Indian Tax Structure after Independence:
The period after Independence was quite challenging for the tax planners. An enormous black economy set in both due to Second World War and increases in economic activity after independence. Savings and investment were encouraged through the different taxation laws by the way of incentives. There was a requirement for generating huge amount of revenues to fund the economic growth of the country. The tax department took great care to plan the tax structure not only with the aspect to widen the income tax base, but also to look for alternate taxes and to eliminate tax avoidance .The department was harshly tested due to the high volumes of work.

    Some of the prominent taxes that came into existence were:

  • Business Profits Tax (1947)
  • Capital Gains (1946-48 to 1956)
  • Estate Duty (1953)
  • Wealth Tax (1957)
  • Expenditure Tax (1957)
  • Gift Tax (1958)
To check the growth of black money, high denomination notes were demonetized in 1946. In 1961, The Income tax Act was remodified, replacing the outdated law of 1922.

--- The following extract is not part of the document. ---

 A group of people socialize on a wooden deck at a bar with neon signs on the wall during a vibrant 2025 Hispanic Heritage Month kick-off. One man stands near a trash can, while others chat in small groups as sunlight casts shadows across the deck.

Income Tax Structure Post Liberalization:
The wave of tax reforms that started across the world in the second half of 1980’s found its way into India. As part of its policy of liberalization, India introduced tax reforms in the 1990’s.The reforms introduced in the Indian tax structure are various in comparison to other countries. In India, The tax reforms took place independent of interference from any external multilateral agency unlike some other countries. But the tax reforms took place in such a way as to ensure its obedience to the prevailing International trends.